They’ll just take their toys and play somewhere else

Sixteen Delta region community groups and political leaders have joined Restore the Delta in signing on to a letter to Congressman Tom McClintock, Chair of the House Sub Committee on Water and Power, to express opposition to HR 1837 (Nunes). Click here to read the letter.

HR 1837, the San Joaquin Valley Water Reliability Act, would put holders of junior water rights who receive federal project water ahead of Delta agriculture, Delta municipal water users, and fisheries.  Congressional leaders from western states outside California are viewing with alarm this proposed federal attack on state water law.

Since HR 1837 will eliminate almost all protections for fisheries, it threatens the Bay Delta Conservation Plan, which is supposed to balance Delta restoration with water supply reliability.  We have to wonder why the State Water Contractors, and especially the Metropolitan Water District, are going along with this gift to the San Joaquin Valley’s west side.

Have they all decided that the BDCP is somehow irrelevant? Do they think they can somehow have their conveyance without it?

That would explain why representatives from the State Water Contractors, the San Luis Delta-Mendota Water Authority, and the Metropolitan Water District are already meeting with the Bureau of Reclamation and the California Department of Water Resources to create a finance plan to build a peripheral canal.

These meetings are not open to the taxpayers and rate payers that will be paying in the long run.

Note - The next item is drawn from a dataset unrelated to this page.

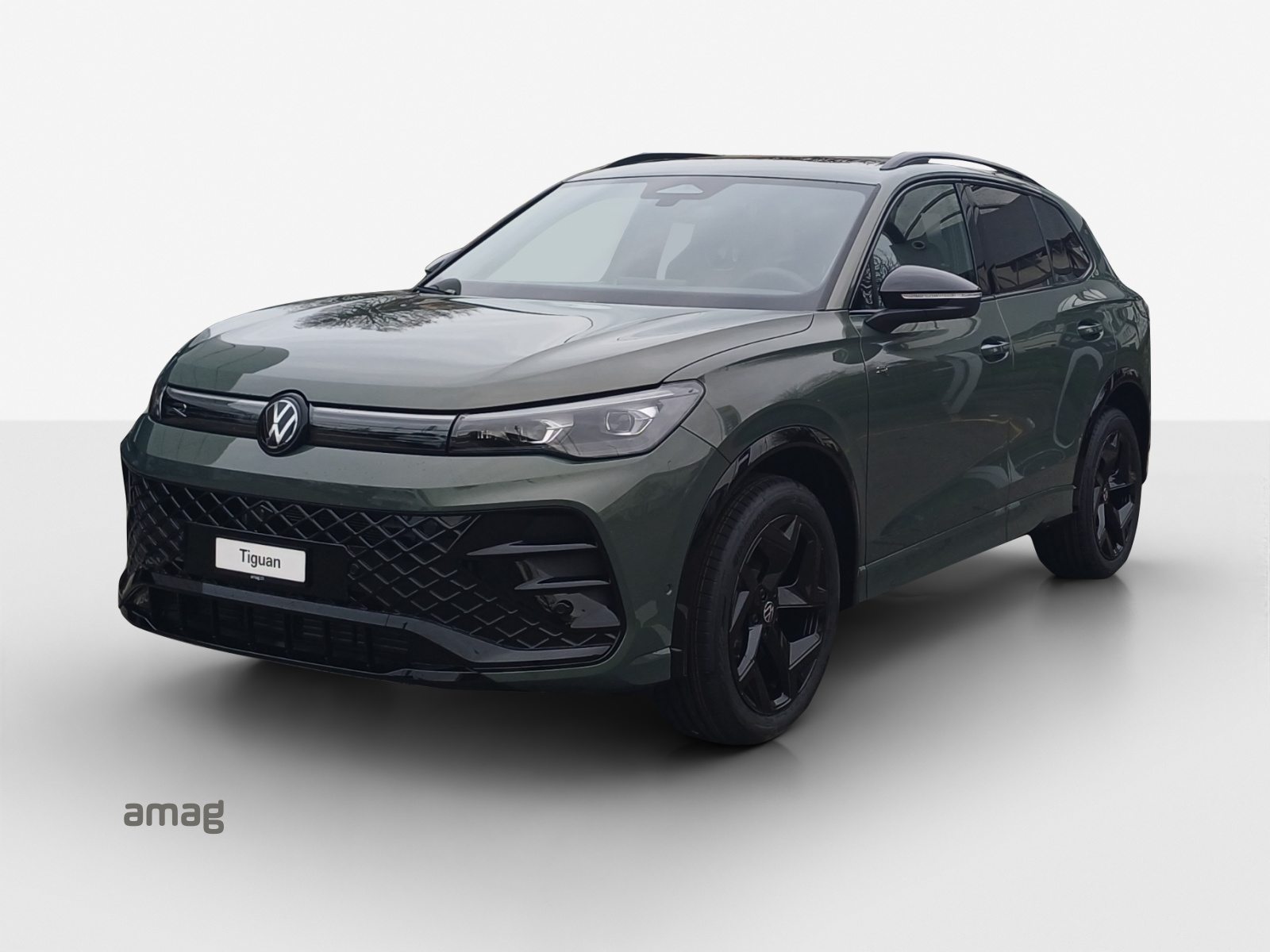 VW Tiguan R-Line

Video from the June 28, 2011 Metropolitan Water District Special Committee on the Bay Delta confirms that water contractors, including Metropolitan Water District’s General Manager Roger Patterson, are already working with government officials to create the finance plan for new conveyance. (Here is a link to that meeting; grab an iced tea and check the mail while waiting for the video to load.)

All processes related to the Bay Delta Conservation Plan are supposed to be transparent, according to Resources Agency Deputy Secretary Jerry Meral.  You would think that would include discussions about how to pay for it.